[Opening DATA LISTING section]

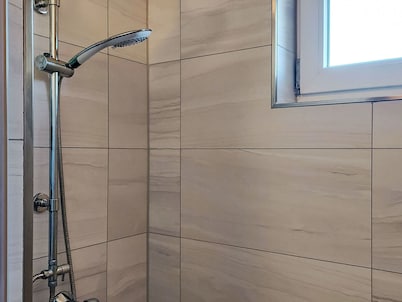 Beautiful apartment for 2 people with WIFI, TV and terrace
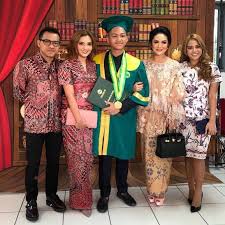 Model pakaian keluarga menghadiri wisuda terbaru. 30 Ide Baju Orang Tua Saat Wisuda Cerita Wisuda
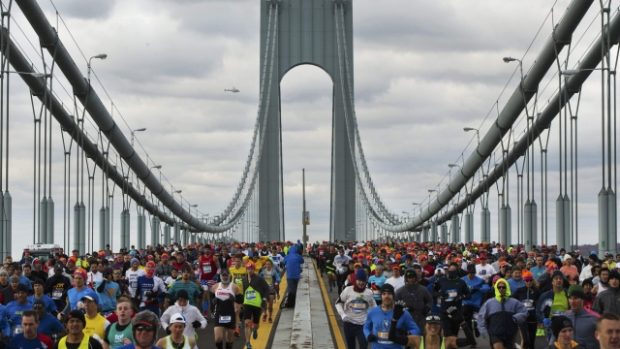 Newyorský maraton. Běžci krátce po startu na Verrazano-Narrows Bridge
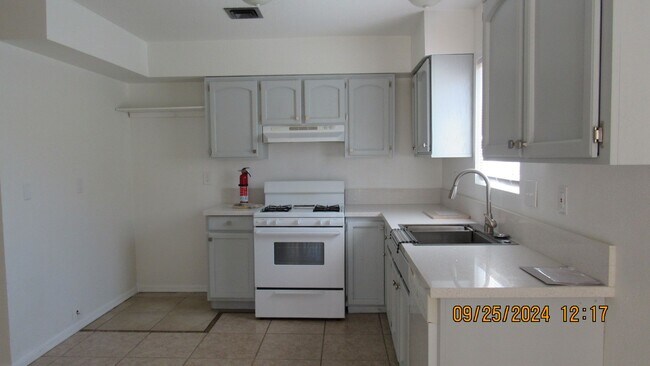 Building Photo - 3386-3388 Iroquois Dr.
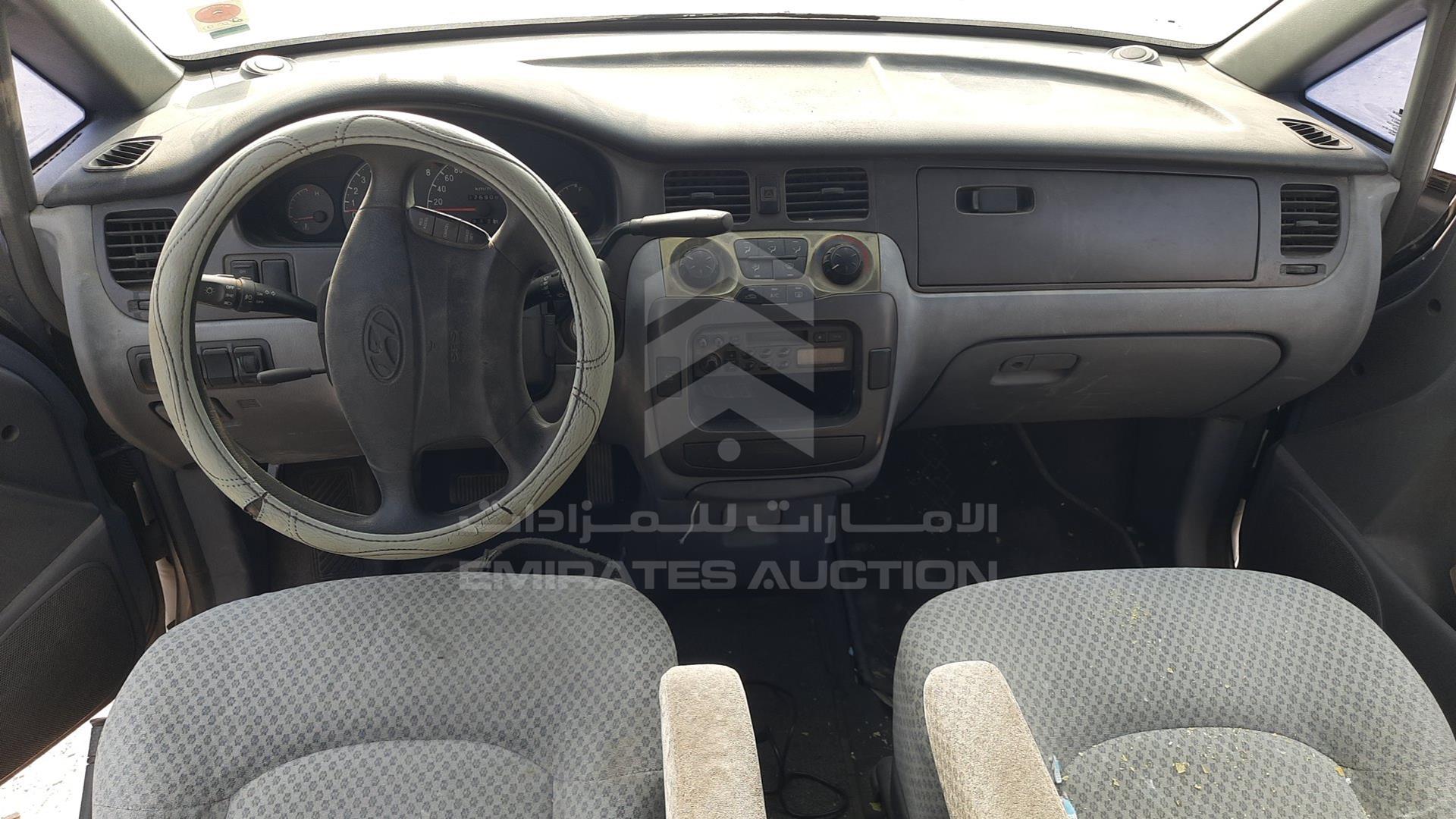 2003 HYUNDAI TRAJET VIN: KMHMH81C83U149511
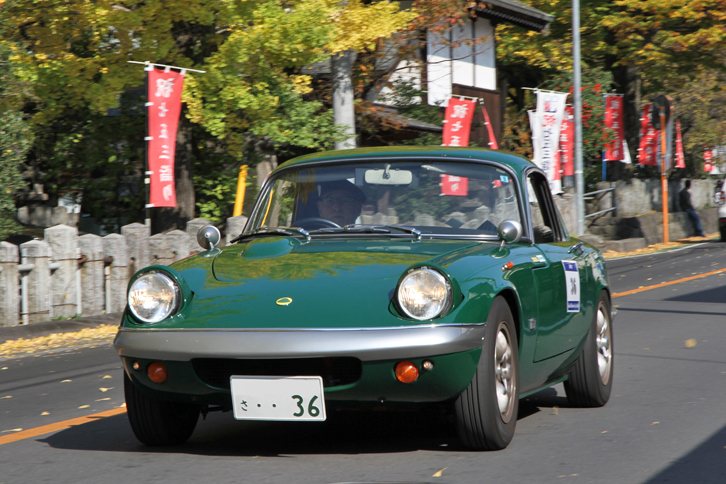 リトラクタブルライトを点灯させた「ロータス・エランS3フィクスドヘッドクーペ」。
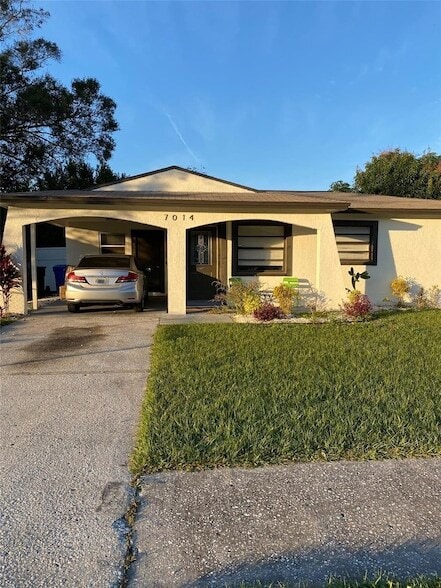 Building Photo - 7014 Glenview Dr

[Closing DATA LISTING section]
[Opening DATA LISTING section]

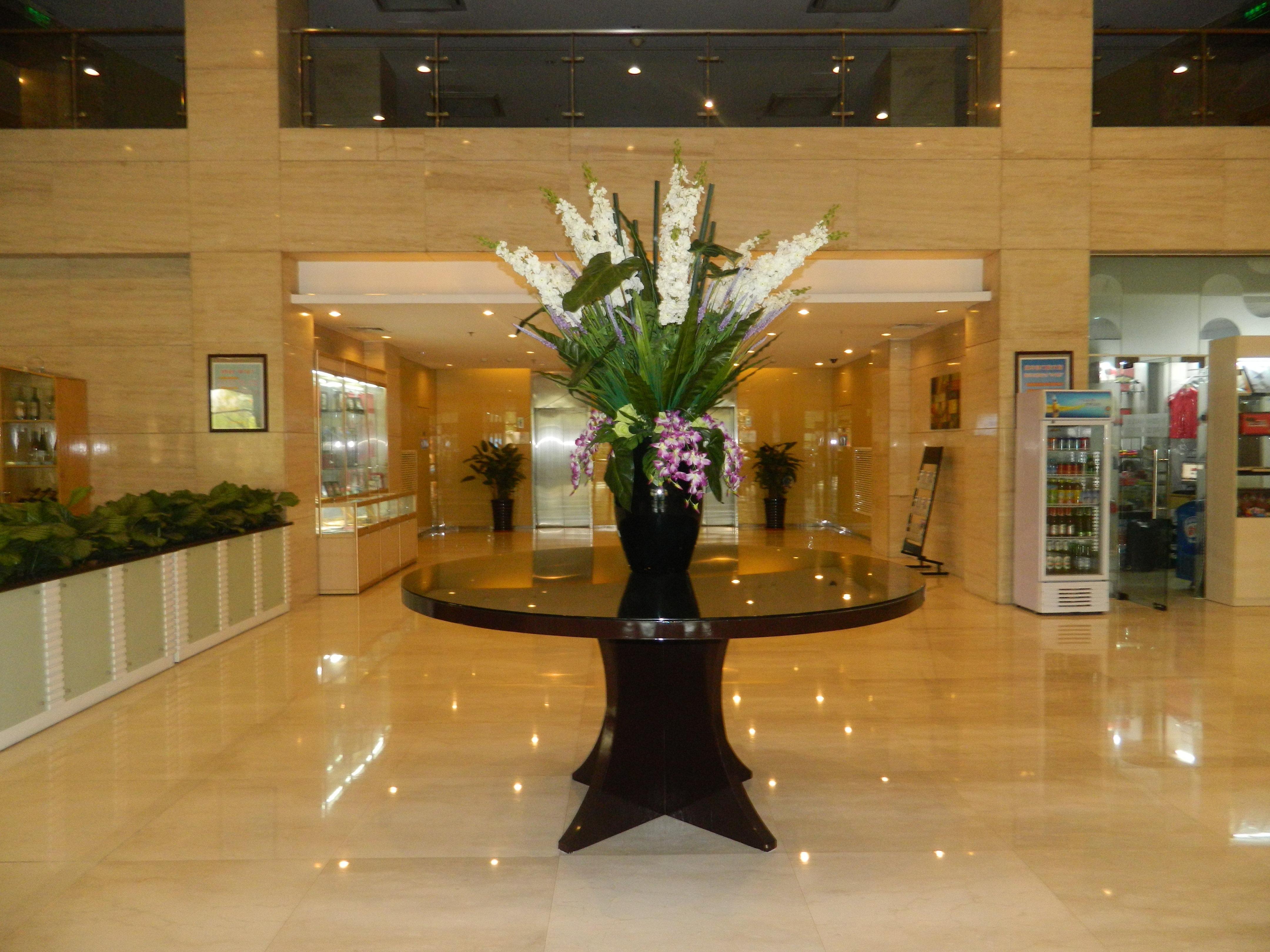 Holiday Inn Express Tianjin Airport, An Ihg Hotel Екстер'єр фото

[Closing DATA LISTING section]
[Opening DATA LISTING section]

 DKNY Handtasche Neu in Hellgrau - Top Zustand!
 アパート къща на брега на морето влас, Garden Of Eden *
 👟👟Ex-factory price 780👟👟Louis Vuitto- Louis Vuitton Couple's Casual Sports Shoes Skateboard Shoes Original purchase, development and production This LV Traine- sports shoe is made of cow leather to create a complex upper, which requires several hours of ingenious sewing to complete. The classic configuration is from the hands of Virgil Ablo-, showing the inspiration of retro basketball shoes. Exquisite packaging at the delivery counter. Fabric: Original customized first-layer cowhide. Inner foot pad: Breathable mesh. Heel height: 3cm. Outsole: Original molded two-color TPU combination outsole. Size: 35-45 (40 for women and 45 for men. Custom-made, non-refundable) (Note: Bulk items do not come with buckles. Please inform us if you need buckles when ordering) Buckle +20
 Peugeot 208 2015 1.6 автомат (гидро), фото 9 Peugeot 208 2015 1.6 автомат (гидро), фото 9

[Closing DATA LISTING section]

*YOUR GOAL*
What you return must match the lines above from the one with "Building Photo - 3386-3388 Iroquois Dr." through the one with "Building Photo - 7014 Glenview Dr" exactly, with both ends included and the pictures excluded.

*YOUR RESPONSE*
 Building Photo - 3386-3388 Iroquois Dr.
 2003 HYUNDAI TRAJET VIN: KMHMH81C83U149511
 リトラクタブルライトを点灯させた「ロータス・エランS3フィクスドヘッドクーペ」。
 Building Photo - 7014 Glenview Dr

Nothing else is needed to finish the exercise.